To this day the calf injury continues to flare up.

Two years ago, in my hometown Detroit Free Press marathon, I felt I was in perfect shape – but at mile fourteen it began to rain. It dampened my shoes and socks so that I was lugging around an extra pound with each stride. I rambled in at 3:13: not what I hoped for, but still a top ten finish. Many runners left the course this day early looking for a dry ride home, and the finish line this time was near empty.

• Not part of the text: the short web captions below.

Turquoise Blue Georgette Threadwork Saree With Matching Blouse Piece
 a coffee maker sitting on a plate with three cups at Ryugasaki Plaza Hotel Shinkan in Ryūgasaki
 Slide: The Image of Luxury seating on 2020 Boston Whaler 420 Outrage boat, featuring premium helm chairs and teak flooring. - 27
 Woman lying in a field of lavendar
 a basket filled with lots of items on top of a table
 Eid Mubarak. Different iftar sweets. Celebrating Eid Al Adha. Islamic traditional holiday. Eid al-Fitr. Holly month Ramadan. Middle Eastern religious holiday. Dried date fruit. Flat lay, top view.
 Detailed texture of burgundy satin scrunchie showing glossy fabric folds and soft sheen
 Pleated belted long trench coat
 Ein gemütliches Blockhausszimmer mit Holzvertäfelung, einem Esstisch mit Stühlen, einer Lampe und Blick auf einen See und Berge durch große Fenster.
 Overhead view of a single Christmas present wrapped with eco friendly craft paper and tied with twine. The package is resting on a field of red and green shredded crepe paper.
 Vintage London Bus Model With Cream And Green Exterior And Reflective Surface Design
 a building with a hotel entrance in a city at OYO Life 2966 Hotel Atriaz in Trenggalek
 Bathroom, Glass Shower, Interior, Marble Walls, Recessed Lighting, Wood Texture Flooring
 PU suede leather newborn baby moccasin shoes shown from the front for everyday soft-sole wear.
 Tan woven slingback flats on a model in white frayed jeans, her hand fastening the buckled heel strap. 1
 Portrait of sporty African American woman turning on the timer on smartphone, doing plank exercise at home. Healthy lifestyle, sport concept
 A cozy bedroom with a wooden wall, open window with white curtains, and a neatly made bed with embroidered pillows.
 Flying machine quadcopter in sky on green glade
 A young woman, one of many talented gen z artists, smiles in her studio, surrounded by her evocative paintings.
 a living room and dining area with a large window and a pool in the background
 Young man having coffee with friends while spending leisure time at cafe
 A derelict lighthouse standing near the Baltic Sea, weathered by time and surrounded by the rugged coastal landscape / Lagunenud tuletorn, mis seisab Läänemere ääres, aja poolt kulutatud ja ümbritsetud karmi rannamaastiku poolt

I used to run shorter distances. It was on a high school track just like this one that I finally broke the five minute barrier during the mile run in a track meet. Mom was in the crowd then, as she always was, and I cried in her arms under the bleachers afterwards. I really was sad, like I was scared what had happened and had done something unforgivable. It was a cold day, and after the run my mucus had mixed in with tears and gotten all over Mom’s sweatshirt. I ran a 4:54, ten seconds better than my previous best, but never came close again. 

Strange how meeting our goals can be so somber." 

Congratulations just for finishing Senator Ryan.  You are a winner just for having the courage to line up at the starting line. The race is long, and in the end, it is only with ourselves.

Read the full story of my Marathon here:  The Jade Rabbit, on Amazon 


Cait the Arty Runnerchick said...

thanks for the guest post and it's always interesting to hear another person's take/POV over this whole thing. :)

Mark Matthews said...

Thanks. I think the whole "she's doesn't really exist but is a character from my novel" thing was lost, so I did a rewrite.

PavementRunner said...

Very interesting post... aiming for that sub 3 is a monster challenge.

Cait the ARty Runnerchick said...

update from the comment idiot from above!! thanks for alerting me that the entire creativeness behind this post went over my head....and in rereading it, i really had no excuse for my lameness! :P i'm sorry!